A completely-biased, totally-outrageous, completely-irrational and sometimes unbelievably-unhinged view of San Francisco Giants Baseball.

July 23, 2016

A win? Remind us again what a win is

A day short of two weeks ago, the Giants won a baseball game. We saw it, DVR’d it, and for the last few days we were wishing we’d saved the recording because it was starting to feel like the last victory we’d ever see.
This is what winning feels like!
It took seven games and a 12-inning botch-a-thon but our long national nightmare is over; San Francisco scraped out its first post-All-Star win with a 2-1, 12-inning win versus the Yankees in the Bronx. It wasn’t exactly a work of art, but a team riding a two-week skid certainly can’t be choosy.

Oh there were plenty of the issues that have plagued the Giants in recent days – some shaky bullpen work, poor situational hitting, defensive miscues and stunning mental lapses – but in the end the game was decided by a guy just trying to impress his folks.

Mac Williamson homered in the fifth inning and singled home the game-winner in the 12th. That and solid starting pitching, plus a heroic effort from (go on, say it…SAY IT!!) Santiago Casilla won the day.

Manager Bruce Bochy reluctantly split his numbers one and two starters after the All-Star Game and said afterward it was always his intent to recombine the pair. Of course he forgot to inform anyone else so it came as aa surprise when Johnny Cueto and not Jeff Samardzija took the hill.

Cueto hasn’t been himself lately, an illness and side injury curtailing his effectiveness as an All-Star starter and in last Sunday’s loss in San Diego. On Saturday, the Cueto that started the season 13-1 showed up. Despite being moved up a day, Cueto was still pitching on extra rest and he made it count; striking out nine in six innings and allowing just one unearned run.
Just making the folks proud. (AP Photo)
That run came courtesy the man who would also play hero. Williamson, getting a rare start against a right-hander, bobbled Mark Teixeira’s fourth-inning single and allowed Didi Gregorius to score. It was a frustrating mistake for the Giants, who wasted four singles, a double and a walk over the first three innings, failing to dent Yankees starter Ivan Nova.

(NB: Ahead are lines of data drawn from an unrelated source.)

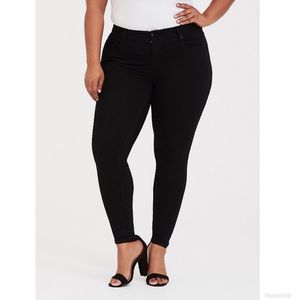 Torrid Bombshell Skinny Jeans
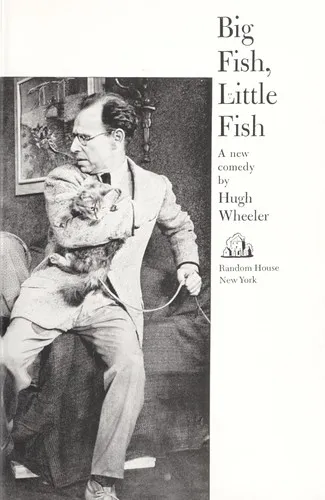 Cover of Big Fish, Little Fish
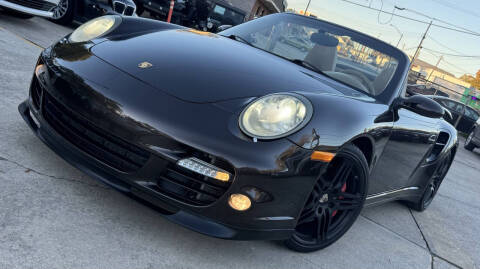 2008 Porsche 911 Turbo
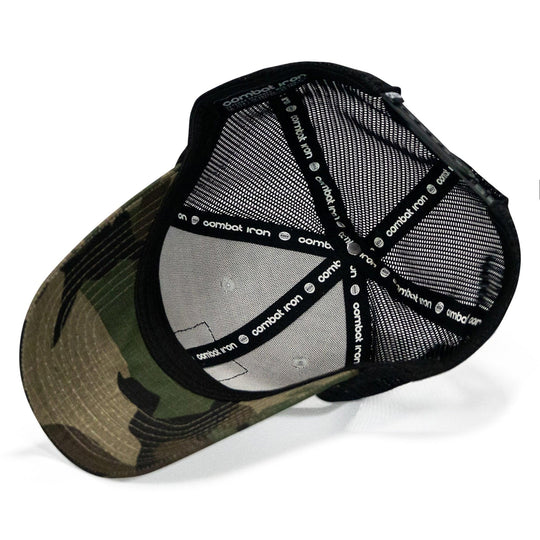 One Revolver Surfboards - Hard to Kill. Easy to Bang. Patch Snapback Hat HEADWEAR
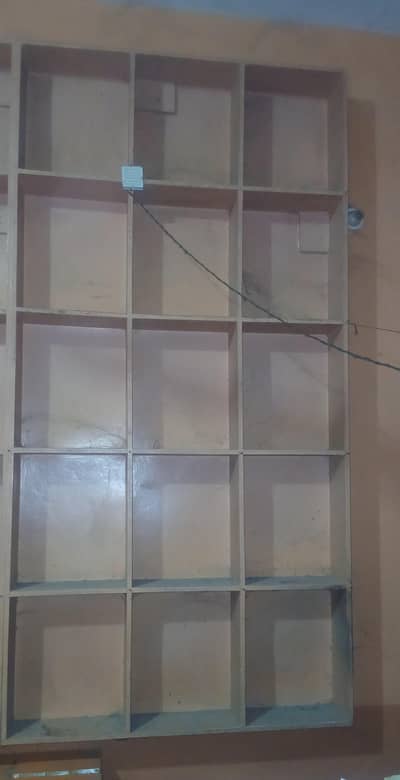 Shelves & Racks and Counters for General Store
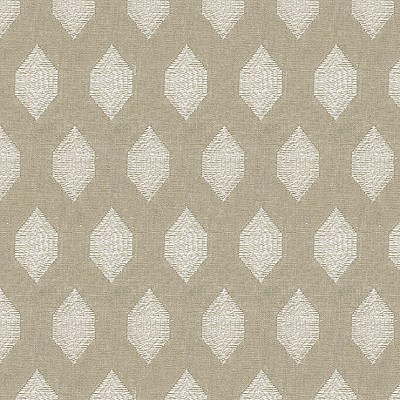 Фото Ткань портьерная с рисунком - Орнамент - стиль Английский - Серый - Купить в Интернет-магазине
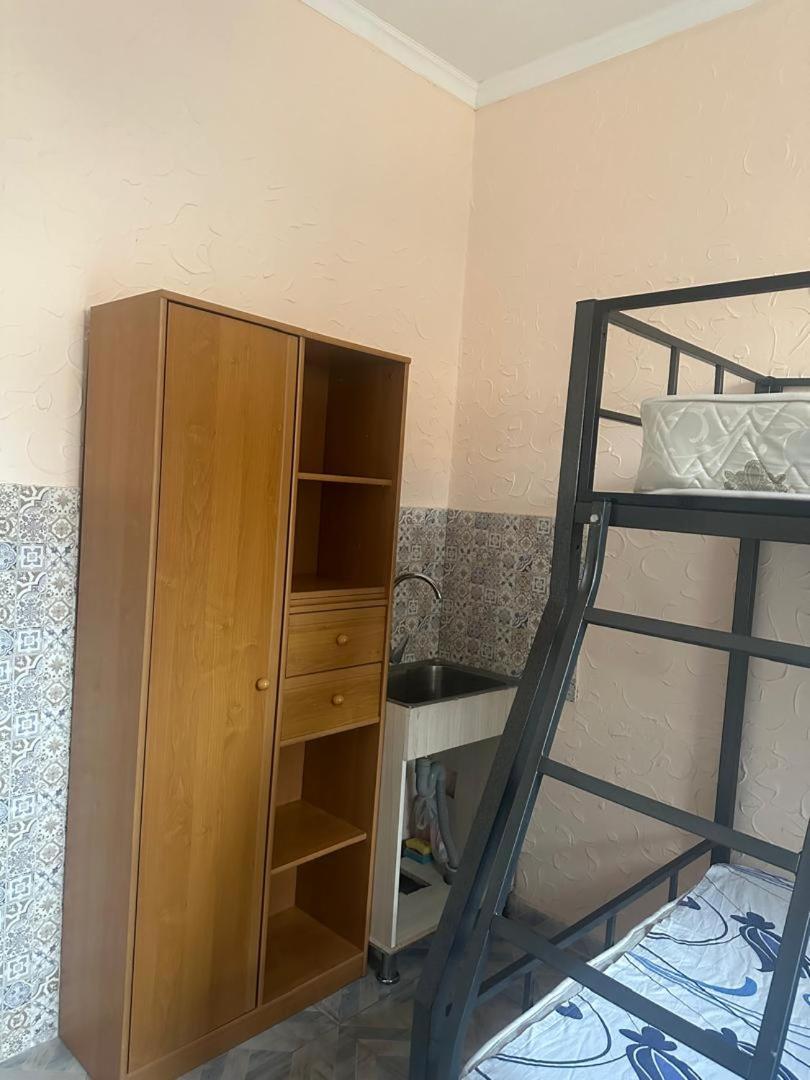 Sweet Home Hostel 比什凯克 客房 照片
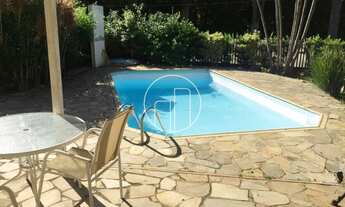 Imagem 2: Campinas - Casa de Condomínio - Bairro das Palmeiras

They couldn’t get hit with two on and one out in the first, Williamson was thrown out trying to score from first base on Ramiro Peña’s two-out double in the second, and they couldn’t score with no outs and runners at the corners in the third thanks to a strikeout and double play.

Williamson atoned for his sin in the fifth as his family, making the trip from North Carolina, watched him play a Major League game for the first time. He took Nova high and deep to left center to open the Giants fifth, tying the game at 1-1. Williamson was the only player to record more than one of San Francisco’s nine hits.Mom and Dad must have been proud.

It would become a bullpen game and the Giants had to stumble through. Derek Law (1/3 of an inning) and Javy Lopez (one full) each gave up a hit but combined with Sergio Romo and Josh Osich to get the game to extras. But Osich overstayed his welcome, walking the first two hitters in the 10th to set up the unlikeliest of heroes. There, we said it.

Mac Williamson: souvenir thief. (AP Photo)
Casilla came on as Jacoby Ellsbury sacrificed the runners up. Carlos Beltran got the free pass to set up the double play that never came but wasn’t needed. Brian McCann’s fly to left wasn’t deep enough to advance the runner, and Starlin Castro fouled out with Williamson successfully battling a fan for the ball.

The Giants might have taken a lead in the 11th. Angel Pagan drew a lead-off walk from Dellin Betances and advanced to third on a steal and ground out. with two out. Betances, looking to walk Brandon Crawford, airmailed his toss to the backstop but Angel Pagan was on a mental trip to the Bahamas and failed to score. Thus inspired, Betances got Crawford to ground out. Threat over. Bochy had the stank eye going, too.

Casilla pitched a quiet 11th and the kids went to work. Trevor Brown doubled off Anthony Swarzak to start the frame and Williamson came through with the Giants’ only hit in 11 at-bats with RISP. Hunter Strickland locked down the final three outs for his second save.

The win couldn’t have come at a better time (like there’s a bad time to win) as Los Angeles kept pace with a 7-2 drubbing of St. Louis. Despite the free fall, the Giants (58-39) have surrendered just 2 ½ games of their lead and hold a four-game lead in the NL West.

Samardzija (9-5, 4.05 EA) will actually throw on Sunday unless the front office suddenly produces a mystery arm; and we hear Rick Reuschel is available. Nathan Eovaldi (8-6, 4.93 ERA) stands between the G-Men and there first series win since July 10.